The Baltic Sea maintains the average winter temperatures higher, but also keeps summers significantly cooler. The climate of Poland, however, is very different from year to year.
The flat topography of the country allows moving of warm air masses from the south during the summer months and cold air masses from the north during the winter months.
Although the average winter temperatures are moderately low, extreme cold weather is also possible. Under appropriate conditions the frost may lasts for weeks.
The lowest temperature ever recorded in Poland is (-41) °C. It was recorded on January 11, 1940 in the city of Siedlce, about 80 km east of the capital Warsaw. Unbearable heat waves are also possible, though not every year.
Although summers in Poland are traditionally fresh, sometimes temperatures of over 30°C can last for days. In the city of Pruszkow, located in the vicinity of Warsaw, was recorded the highest temperature in Poland.
On July 29, 1921 the thermometers in the city climbed to 40.2°C in the shade! The amount of precipitation in Poland is moderate throughout the year, ranging between 30 and 80 mm per month.
Traditionally, winters are a little drier in comparison with summers. The largest increase of rainfall usually occures in July and August. Snowfall is possible in a very long period between November and March.

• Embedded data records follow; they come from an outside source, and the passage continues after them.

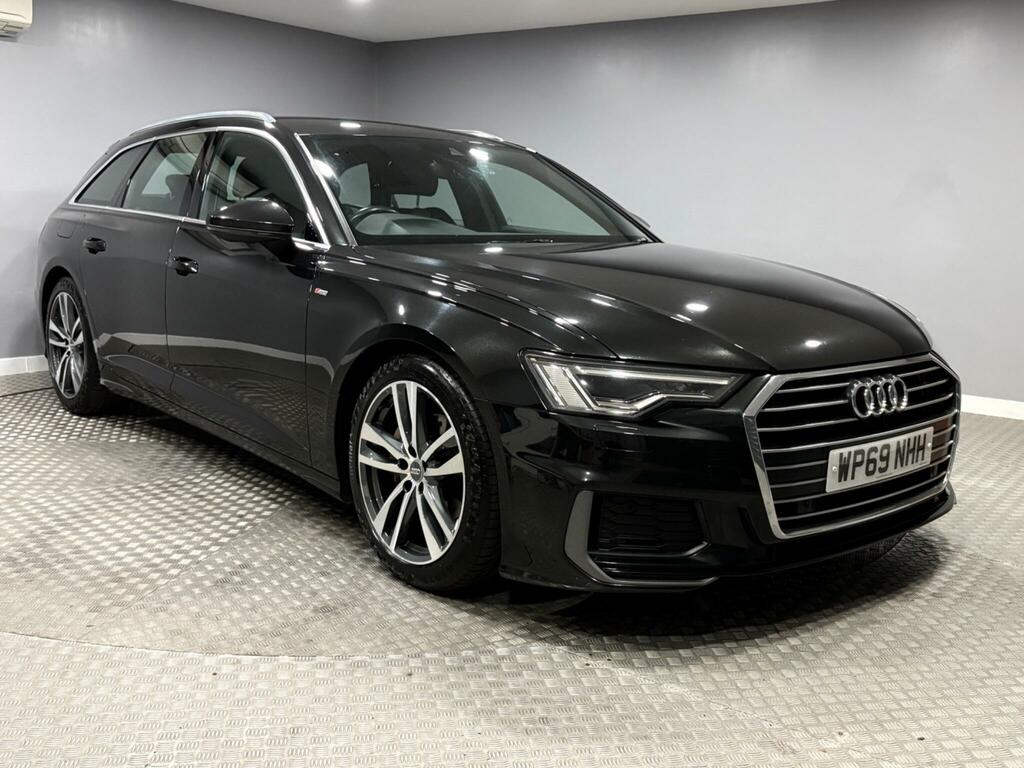 Audi A6 Avant 2.0 Tdi 40 S Line S Tronic Euro 6 Ss Grey
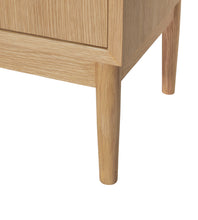 Charger l'image dans la galerie, Armoire bibliothèque en chêne L 100 cm, Hübsch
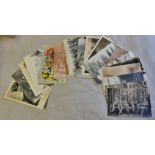 German WWI - Mostly RP postcards - Senior Officers & Royalty, Few scarce (20)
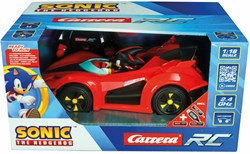 Carrera RC Auto Team Sonic Racing Shadow - 2,4GHz - 1:18 - Spielzeugauto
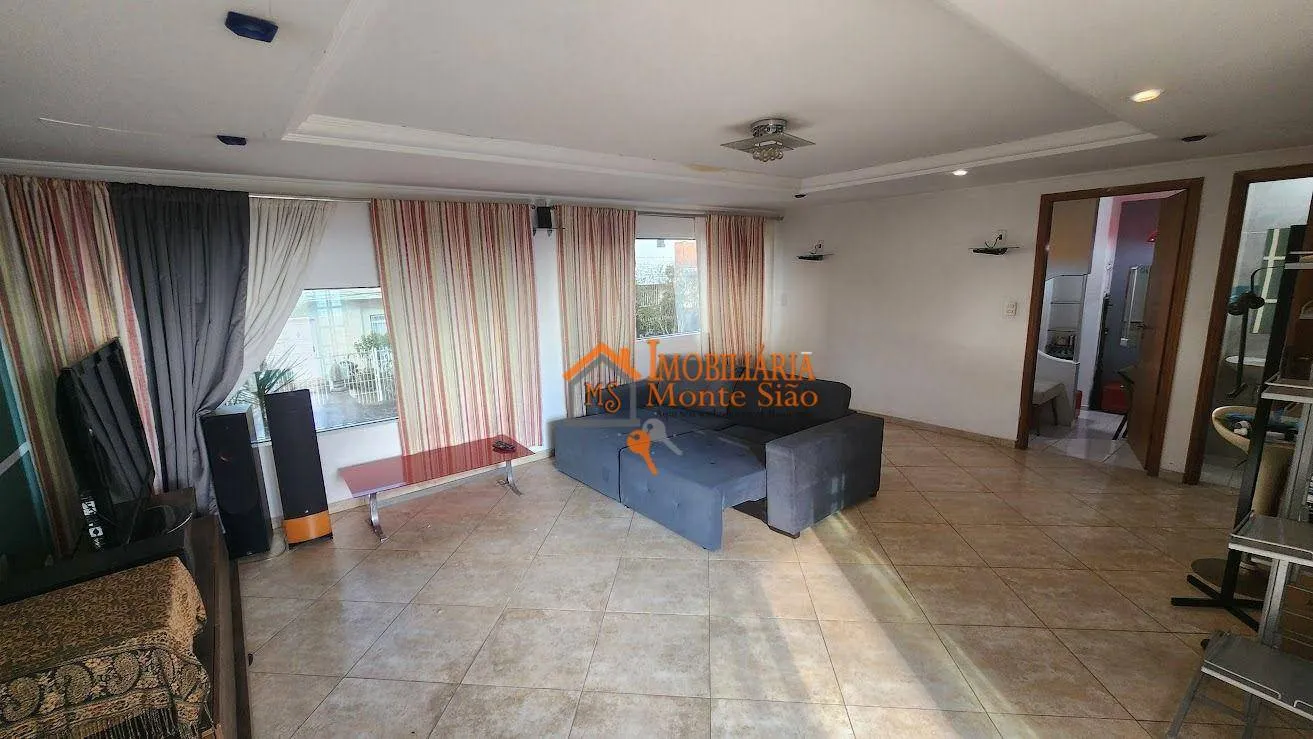 Imagem Sobrado com 5 dormitórios à venda, 326 m² por R$ 1.520.000,00 - Vila Yaya - Guarulhos/SP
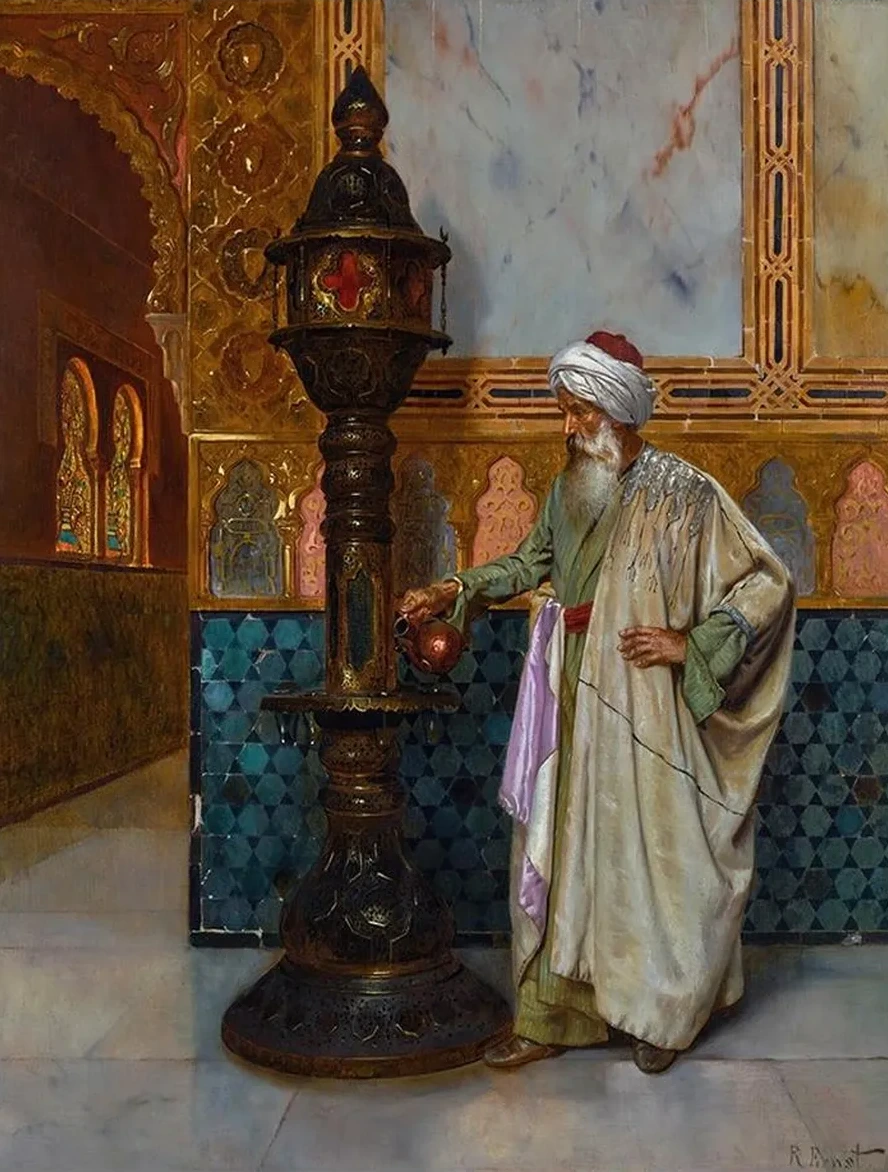 Tending The Lamp
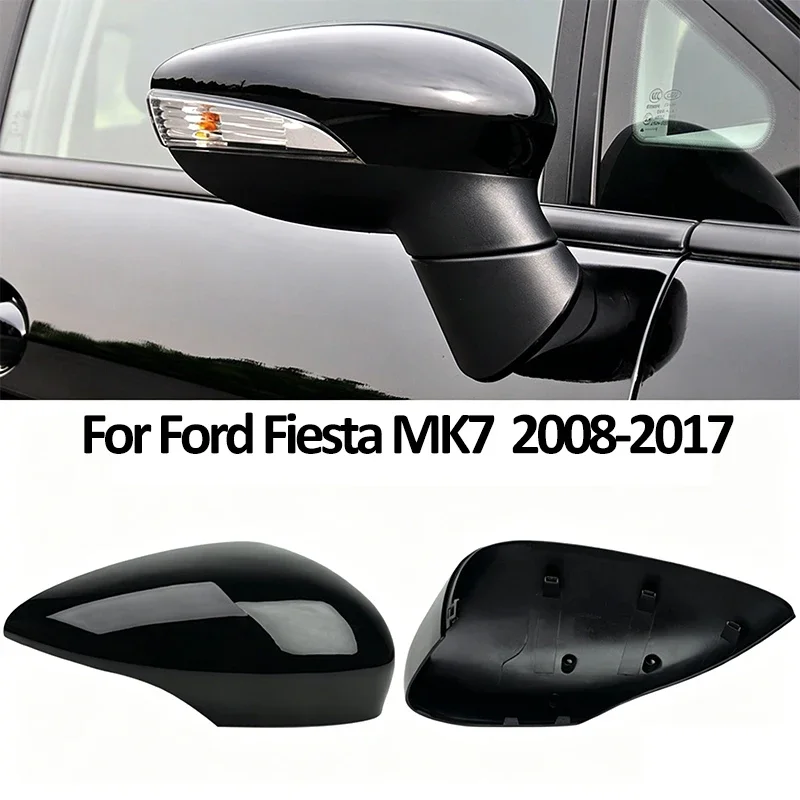 Fit For Ford Fiesta MK7 2009-2017 Black Rearview Mirror Cap Housing Replacement Side Mirror Cover Car Exterior Accessories
Fit For Ford Fiesta MK7 2009-2017 Black Rearview Mirror Cap Housing Replacement Side Mirror Cover Car Exterior Accessories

Usually the depth of snow varies greatly from year to year. In dry and mild winters the snow barely whitens the ground, but during cold and snowy winters is possible snowcover with a depth of over 1 m.
What not to miss while in Poland?
Coast. Although it sounds surprising, while in the country do not miss to visit its fabulous beaches. Poland boasts the lightest and finest sand in the entire northern half of Europe.
Of course, sometimes the weather is cool and not quite suitable for swimming, but most summer days are really nice.
The temperature of sea water in July and August usually reach to about 20-22 degrees and is warmest during the first half of August.
Masurian lakes. One of the greatest beauties of Poland are the notorious Masurian lakes. More than 2000, they are located not far from Lithuania, in the northeast of the country.
The lakes are very beautiful, surrounded by dense deciduous and coniferous forests. This part of Poland boasts an amazing biodiversity.
The lakes are home to a large number of waterfowl. In remote areas you can see bears, wolves, foxes, lynx, deer, wild pigs, rabbits, beavers, badgers, and large raptors.
The Białowieża Forest. Located on the border between Poland and Belarus, Białowieża or Belovezhskaya forest is under the auspices of UNESCO. The forest is home to unique animals such as a small population of European bison – a species that today is extremely rare in Europe.
Warsaw. Be sure to visit the old part of the capital Warsaw. Established in the 13th century, the old town was partially destroyed in World War II. However, many buildings have been preserved in their original form and now they attract crowds of visitors.
The Wooden Churches of Southern Little Poland. This place is worth to be visited not only because it is a World Heritage Site, but also because it will offer you an entirely new and unexpected idea about what it should look like a church.
Auschwitz. If you have strong nerves and want to familiarize yourself with the most sinister and dark pages of European history, then you can visit the small town of Oswiecim, situated in southern Poland.
Here are the death camps Auschwitz 1 and Auschwitz 2 (known as Birkenau). Over a million people, most of them Jews, were killed here.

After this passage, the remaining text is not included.